*Information given*:
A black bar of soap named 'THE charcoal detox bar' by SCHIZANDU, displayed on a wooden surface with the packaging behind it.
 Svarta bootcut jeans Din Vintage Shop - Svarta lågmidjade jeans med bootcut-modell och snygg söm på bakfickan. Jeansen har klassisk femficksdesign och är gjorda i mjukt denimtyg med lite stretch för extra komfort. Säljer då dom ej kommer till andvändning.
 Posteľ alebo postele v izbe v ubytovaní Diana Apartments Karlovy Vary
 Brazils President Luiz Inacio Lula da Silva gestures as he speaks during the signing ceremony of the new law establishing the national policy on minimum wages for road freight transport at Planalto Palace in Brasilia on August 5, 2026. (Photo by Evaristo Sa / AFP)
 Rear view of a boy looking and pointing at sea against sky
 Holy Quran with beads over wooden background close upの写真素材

*Problem*:
Please copy each line of the records above that holds the word "wooden".

*Answer below*:
A black bar of soap named 'THE charcoal detox bar' by SCHIZANDU, displayed on a wooden surface with the packaging behind it.
 Holy Quran with beads over wooden background close upの写真素材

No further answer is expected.